Task description => Repeat the first line of the listing and each line after it, exactly, through the line containing "Business attire White".

Record extracts =>
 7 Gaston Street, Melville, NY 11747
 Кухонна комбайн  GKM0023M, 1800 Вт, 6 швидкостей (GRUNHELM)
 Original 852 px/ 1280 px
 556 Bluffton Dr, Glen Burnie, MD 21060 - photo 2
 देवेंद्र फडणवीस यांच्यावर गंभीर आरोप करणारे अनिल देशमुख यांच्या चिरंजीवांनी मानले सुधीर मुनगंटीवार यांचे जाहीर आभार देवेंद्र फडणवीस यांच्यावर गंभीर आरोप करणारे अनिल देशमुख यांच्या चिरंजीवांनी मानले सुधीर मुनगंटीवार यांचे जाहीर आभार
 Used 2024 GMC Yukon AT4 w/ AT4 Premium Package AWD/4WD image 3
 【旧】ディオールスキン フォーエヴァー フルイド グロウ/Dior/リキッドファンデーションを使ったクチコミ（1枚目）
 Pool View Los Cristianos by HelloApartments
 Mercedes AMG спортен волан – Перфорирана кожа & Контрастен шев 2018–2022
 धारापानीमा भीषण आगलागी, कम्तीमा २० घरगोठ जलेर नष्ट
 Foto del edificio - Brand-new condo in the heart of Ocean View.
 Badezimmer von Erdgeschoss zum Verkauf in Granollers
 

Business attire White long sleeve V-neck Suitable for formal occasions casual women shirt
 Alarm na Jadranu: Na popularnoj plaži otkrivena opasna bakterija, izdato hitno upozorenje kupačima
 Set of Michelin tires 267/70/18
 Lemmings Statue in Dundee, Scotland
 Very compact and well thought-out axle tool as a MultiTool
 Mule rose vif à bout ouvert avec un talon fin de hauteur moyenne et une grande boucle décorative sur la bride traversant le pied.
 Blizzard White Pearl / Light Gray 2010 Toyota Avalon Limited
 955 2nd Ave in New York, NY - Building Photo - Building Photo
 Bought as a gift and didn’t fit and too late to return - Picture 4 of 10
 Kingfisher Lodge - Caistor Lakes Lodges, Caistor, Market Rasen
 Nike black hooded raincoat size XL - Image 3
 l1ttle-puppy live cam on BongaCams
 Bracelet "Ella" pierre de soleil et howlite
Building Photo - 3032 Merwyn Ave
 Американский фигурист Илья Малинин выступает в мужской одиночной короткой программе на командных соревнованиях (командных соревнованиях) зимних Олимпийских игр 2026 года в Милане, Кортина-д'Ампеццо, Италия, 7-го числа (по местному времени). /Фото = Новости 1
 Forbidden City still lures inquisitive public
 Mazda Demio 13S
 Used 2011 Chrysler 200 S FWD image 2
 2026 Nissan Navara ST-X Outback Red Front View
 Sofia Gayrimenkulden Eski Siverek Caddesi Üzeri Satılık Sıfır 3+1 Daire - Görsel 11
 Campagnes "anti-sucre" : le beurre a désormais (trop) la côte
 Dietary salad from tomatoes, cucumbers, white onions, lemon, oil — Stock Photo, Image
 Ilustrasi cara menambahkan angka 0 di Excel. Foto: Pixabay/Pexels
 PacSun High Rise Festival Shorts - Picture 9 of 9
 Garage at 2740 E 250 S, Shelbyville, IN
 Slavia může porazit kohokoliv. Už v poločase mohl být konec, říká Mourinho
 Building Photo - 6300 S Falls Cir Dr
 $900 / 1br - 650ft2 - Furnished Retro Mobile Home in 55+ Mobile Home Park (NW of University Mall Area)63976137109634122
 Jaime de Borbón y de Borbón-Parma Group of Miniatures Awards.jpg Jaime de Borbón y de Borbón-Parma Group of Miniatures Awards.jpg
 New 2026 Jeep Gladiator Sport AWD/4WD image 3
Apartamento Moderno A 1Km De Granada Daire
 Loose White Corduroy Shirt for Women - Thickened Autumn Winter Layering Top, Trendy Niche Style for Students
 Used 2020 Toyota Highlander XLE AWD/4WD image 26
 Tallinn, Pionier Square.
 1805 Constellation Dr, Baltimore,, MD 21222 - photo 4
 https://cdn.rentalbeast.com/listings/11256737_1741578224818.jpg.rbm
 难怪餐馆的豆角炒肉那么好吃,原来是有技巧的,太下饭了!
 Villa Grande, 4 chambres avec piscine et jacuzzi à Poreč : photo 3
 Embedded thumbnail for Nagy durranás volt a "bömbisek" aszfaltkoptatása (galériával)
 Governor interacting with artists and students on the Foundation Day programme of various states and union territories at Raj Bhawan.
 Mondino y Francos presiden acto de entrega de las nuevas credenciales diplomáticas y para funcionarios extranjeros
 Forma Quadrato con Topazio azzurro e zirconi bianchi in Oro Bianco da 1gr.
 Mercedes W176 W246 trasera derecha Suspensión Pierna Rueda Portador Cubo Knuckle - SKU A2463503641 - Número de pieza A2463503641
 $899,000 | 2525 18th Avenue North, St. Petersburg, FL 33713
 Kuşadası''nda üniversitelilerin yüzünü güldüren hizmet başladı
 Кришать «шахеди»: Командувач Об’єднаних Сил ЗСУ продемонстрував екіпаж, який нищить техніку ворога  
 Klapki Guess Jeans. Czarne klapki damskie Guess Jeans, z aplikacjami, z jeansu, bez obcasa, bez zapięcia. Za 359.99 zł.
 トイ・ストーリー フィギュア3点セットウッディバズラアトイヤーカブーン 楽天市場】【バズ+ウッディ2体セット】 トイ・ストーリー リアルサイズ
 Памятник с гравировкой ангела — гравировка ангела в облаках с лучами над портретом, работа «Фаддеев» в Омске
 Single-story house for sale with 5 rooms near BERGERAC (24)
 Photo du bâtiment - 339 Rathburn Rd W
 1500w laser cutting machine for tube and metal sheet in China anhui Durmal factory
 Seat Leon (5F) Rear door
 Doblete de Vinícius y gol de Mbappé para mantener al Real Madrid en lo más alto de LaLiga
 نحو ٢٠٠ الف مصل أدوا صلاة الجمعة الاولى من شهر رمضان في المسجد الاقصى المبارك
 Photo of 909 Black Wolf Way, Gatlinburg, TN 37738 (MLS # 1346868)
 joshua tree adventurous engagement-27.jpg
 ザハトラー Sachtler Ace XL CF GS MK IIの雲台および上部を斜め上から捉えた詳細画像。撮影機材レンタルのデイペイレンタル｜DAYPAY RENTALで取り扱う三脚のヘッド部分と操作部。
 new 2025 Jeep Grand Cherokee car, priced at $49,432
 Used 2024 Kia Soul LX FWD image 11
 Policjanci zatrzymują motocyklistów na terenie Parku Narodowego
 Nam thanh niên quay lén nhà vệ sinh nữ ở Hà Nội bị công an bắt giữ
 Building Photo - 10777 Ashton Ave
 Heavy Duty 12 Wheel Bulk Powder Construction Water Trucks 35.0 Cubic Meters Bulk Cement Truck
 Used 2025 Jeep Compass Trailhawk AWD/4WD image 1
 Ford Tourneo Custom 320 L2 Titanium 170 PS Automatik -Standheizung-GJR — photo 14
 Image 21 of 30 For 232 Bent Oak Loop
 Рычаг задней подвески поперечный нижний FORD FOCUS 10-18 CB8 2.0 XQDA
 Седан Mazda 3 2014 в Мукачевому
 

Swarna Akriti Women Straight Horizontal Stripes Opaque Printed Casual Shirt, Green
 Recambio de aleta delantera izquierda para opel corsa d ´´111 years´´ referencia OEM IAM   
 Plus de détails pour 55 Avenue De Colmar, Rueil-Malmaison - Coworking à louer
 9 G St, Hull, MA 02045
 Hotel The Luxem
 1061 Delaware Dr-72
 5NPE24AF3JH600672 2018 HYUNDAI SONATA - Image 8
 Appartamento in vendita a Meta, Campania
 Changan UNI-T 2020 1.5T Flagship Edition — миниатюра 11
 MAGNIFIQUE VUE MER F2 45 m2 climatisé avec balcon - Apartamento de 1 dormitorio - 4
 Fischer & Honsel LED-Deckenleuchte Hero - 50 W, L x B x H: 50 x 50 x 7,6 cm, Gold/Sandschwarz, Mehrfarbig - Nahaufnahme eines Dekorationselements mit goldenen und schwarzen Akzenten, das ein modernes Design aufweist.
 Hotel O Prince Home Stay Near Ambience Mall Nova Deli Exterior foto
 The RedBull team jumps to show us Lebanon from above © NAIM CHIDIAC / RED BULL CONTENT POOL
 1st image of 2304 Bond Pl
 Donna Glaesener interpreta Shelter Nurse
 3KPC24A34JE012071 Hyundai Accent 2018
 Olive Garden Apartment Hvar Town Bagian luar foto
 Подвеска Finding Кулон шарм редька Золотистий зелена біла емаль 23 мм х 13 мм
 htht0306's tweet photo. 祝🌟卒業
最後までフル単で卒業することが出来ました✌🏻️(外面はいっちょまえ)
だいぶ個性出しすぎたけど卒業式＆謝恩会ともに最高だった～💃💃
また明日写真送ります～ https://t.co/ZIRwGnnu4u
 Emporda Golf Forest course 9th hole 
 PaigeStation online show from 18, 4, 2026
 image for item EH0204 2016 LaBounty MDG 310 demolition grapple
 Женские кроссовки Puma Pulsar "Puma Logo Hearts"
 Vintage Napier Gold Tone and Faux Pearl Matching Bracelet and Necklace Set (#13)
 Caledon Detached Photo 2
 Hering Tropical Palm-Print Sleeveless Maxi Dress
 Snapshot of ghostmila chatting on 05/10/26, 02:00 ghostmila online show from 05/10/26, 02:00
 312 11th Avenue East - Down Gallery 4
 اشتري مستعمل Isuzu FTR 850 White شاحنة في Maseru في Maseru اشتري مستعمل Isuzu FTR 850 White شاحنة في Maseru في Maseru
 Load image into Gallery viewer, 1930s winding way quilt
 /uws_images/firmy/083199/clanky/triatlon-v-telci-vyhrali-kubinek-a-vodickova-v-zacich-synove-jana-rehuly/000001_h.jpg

Answer to the problem =>
 7 Gaston Street, Melville, NY 11747
 Кухонна комбайн  GKM0023M, 1800 Вт, 6 швидкостей (GRUNHELM)
 Original 852 px/ 1280 px
 556 Bluffton Dr, Glen Burnie, MD 21060 - photo 2
 देवेंद्र फडणवीस यांच्यावर गंभीर आरोप करणारे अनिल देशमुख यांच्या चिरंजीवांनी मानले सुधीर मुनगंटीवार यांचे जाहीर आभार देवेंद्र फडणवीस यांच्यावर गंभीर आरोप करणारे अनिल देशमुख यांच्या चिरंजीवांनी मानले सुधीर मुनगंटीवार यांचे जाहीर आभार
 Used 2024 GMC Yukon AT4 w/ AT4 Premium Package AWD/4WD image 3
 【旧】ディオールスキン フォーエヴァー フルイド グロウ/Dior/リキッドファンデーションを使ったクチコミ（1枚目）
 Pool View Los Cristianos by HelloApartments
 Mercedes AMG спортен волан – Перфорирана кожа & Контрастен шев 2018–2022
 धारापानीमा भीषण आगलागी, कम्तीमा २० घरगोठ जलेर नष्ट
 Foto del edificio - Brand-new condo in the heart of Ocean View.
 Badezimmer von Erdgeschoss zum Verkauf in Granollers
 

Business attire White long sleeve V-neck Suitable for formal occasions casual women shirt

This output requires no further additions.